Gabriela Cowperthwaite, director of the hit documentary “Blackfish,” was very kind to allow us to interview her for this week’s VP blog. Blackfish is a powerful and compelling film that exposes the cruel, inhumane, and immoral practices of Sea World. Gabriela talks about how making the movie has impacted herself personally, including the way she views the relationships between humans and other animals.


VP: Blackfish has been such a huge success thus far, and it seems that it is just gaining steam. When you were making the movie, did you ever envision that it would have this kind of success?

GC: Absolutely not! Documentarians come from humble pie. We want to tell stories with integrity, we want to change things, but we need for our films to have an entertaining element otherwise people won’t sit through them. It’s so hard to marry those three objectives perfectly so a lot of times we come out exhausted, broke, and simply happy to finish the film. To think that Blackfish has taken on a life of its own is beyond what I could have imagined.

VP: Can you think of any one singular moment that moved or inspired you more than others during the making of Blackfish?

GC: It’s so hard to think of one. I can name a few however. Interviewing Jon Crowe, the gentleman who captured whales in the early 70s, was a game changer for me. Watching him come to terms with what he did was so powerful.

Speaking to neuroscientist Lori Marino about the killer whale brain still blows me away. Learning about how the killer whales split into two groups to fool the capture teams in the 70s gave me chills. Then of course, seeing wild killer whales for the first time after a having seen them in captivity was so moving. I could go on and on.

VP: Sea World has criticized Blackfish, calling it “inaccurate and misleading.” What was your reaction to their response?

GC: We knew it was good ol’ fashioned damage control. They’ve fought hard for 40 years to keep everything in Blackfish from being exposed so we figured they’d be unhappy. But every single point they brought up was false and easy to debunk. We do that here:

1VP: How has making the movie impacted your view on relationships between humans and other animals more broadly, beyond Sea World?

GC: Massively. I think that we imagine we love animals. We want to be near them, learn about them, observe them, and we want them to feel these same things about us. What I’ve learned is that even though it’s very human to desire this relationship, it’s actually our very desire to be up and close, to take for ourselves, to experience things first hand, that is helping sustain this 2 billion dollar industry. Less of “us” is very often the best thing. Because even if SeaWorld’s lies are all exposed (as many know I barely scratched the surface) it’s still up to us to monitor how delicately we teach our kids to walk the planet.

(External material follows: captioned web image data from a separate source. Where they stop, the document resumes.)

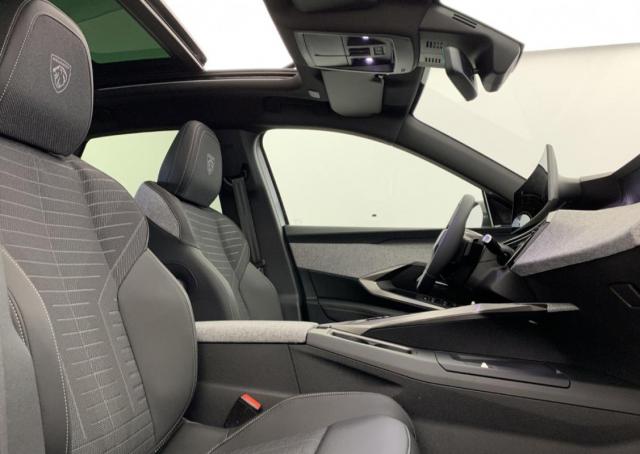 Peugeot 3008 image 3
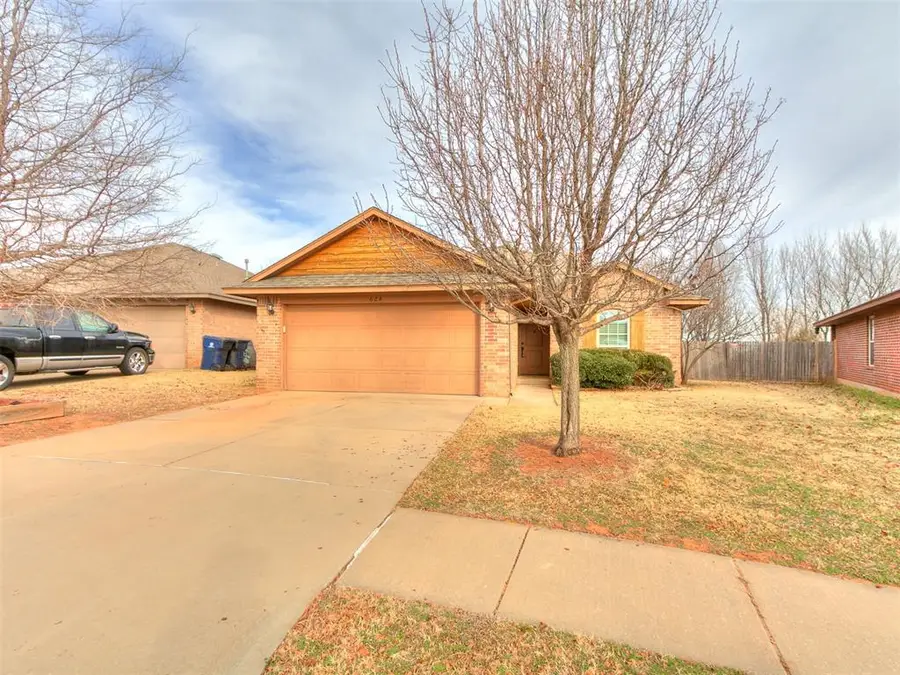 624 Inverleith Circle, Yukon, OK 73099 - #3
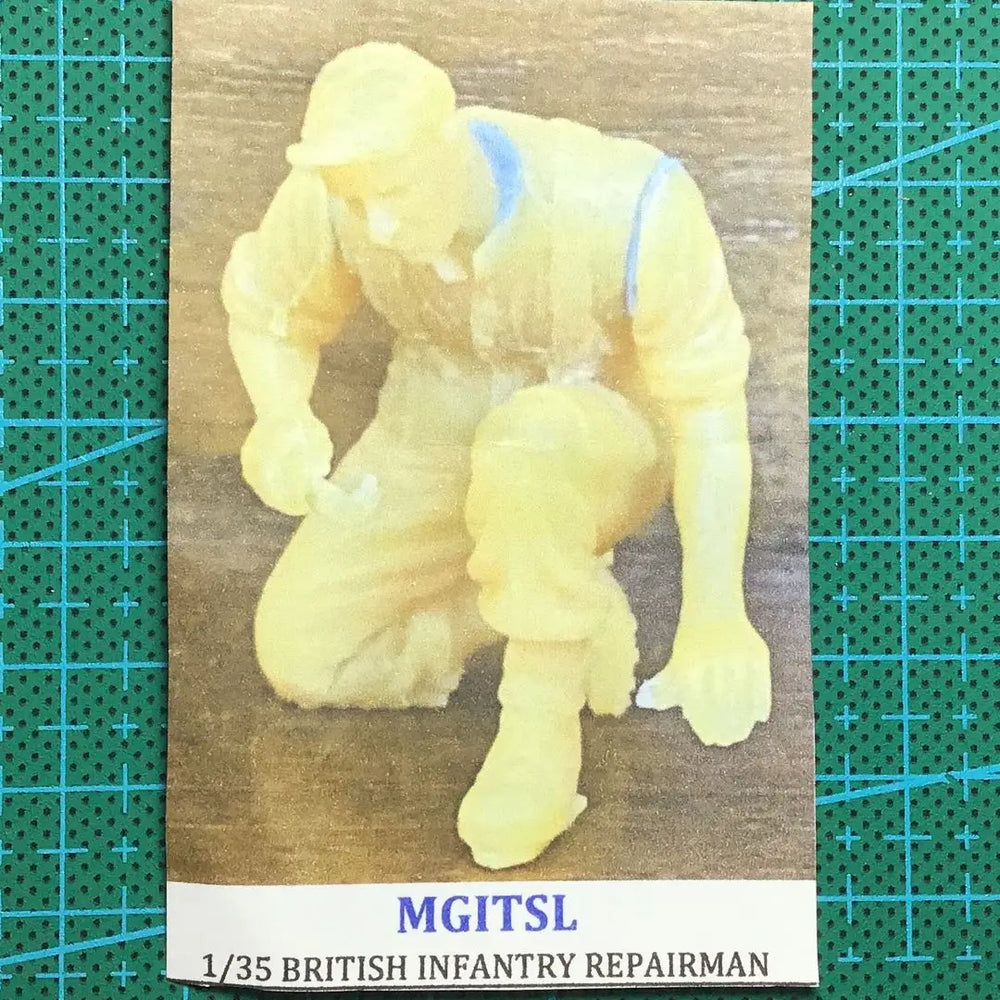 1/35 WWII British Infantry Repairman, Resin Model Figure Kit, Unassembled and Unpainted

VP: What is your favorite book?

GC: Beloved and The Deptford Trilogy


Gabriela is a documentary filmmaker who for more than 12 years has directed, produced and written a variety of real life stories, including Blackfish, a feature documentary currently selected for the 2013 Sundance Film Festival.

She has directed, written and produced for ESPN, National Geographic, Animal Planet, Discovery, and History Channel, including History Channel’s “Shootout!” a series for which she and a cameraman were embedded with 300 Marines at Twenty Nine Palms, and “Disaster Tech,” a documentary series about the biggest natural disasters in world history.